Yeah, who cares about internal consistency and a universe that makes sense on its own terms?  It's just a stupid video game!  We can put whatever dumb shit we want into it!

My favourite part is the bit about Jet being pre-war. I can understand Bethesda's writing team making some mistakes with something as dense as Fallout lore, but how they managed to completely forget the fact that Jet was invented by a talking head and player companion in F2 is beyond me.
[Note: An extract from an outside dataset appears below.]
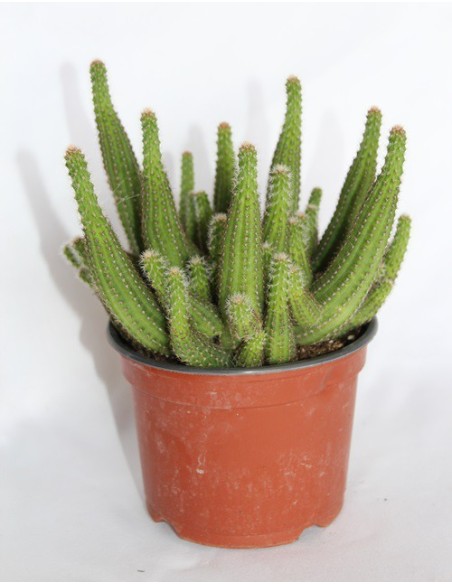 Comprar chamalobivia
That is of course unless they're going to say that the original games are no longer canon, in which case I don't know if I can even entertain the thought of taking Bethesda seriously ever again.

Saddam Hussein

Re: Fallout series
« Reply #477 on: November 26, 2015, 07:22:29 PM »
And his reply of "doesn't say what year that was posted" doesn't hold up.  It's clear from the context of those logs that the author works for Vault-Tec, and is dismayed that drugs are being sent to a vault full of recovering addicts as one of the many twisted experiments they were running.  They're definitely from before the war.  Now, I'd probably be okay with a drug very similar to Jet existing pre-war, and that Myron simply recreated it independently, but for them to refer to it by the same name is ridiculous.
« Last Edit: December 12, 2015, 04:27:10 AM by Saddam Hussein »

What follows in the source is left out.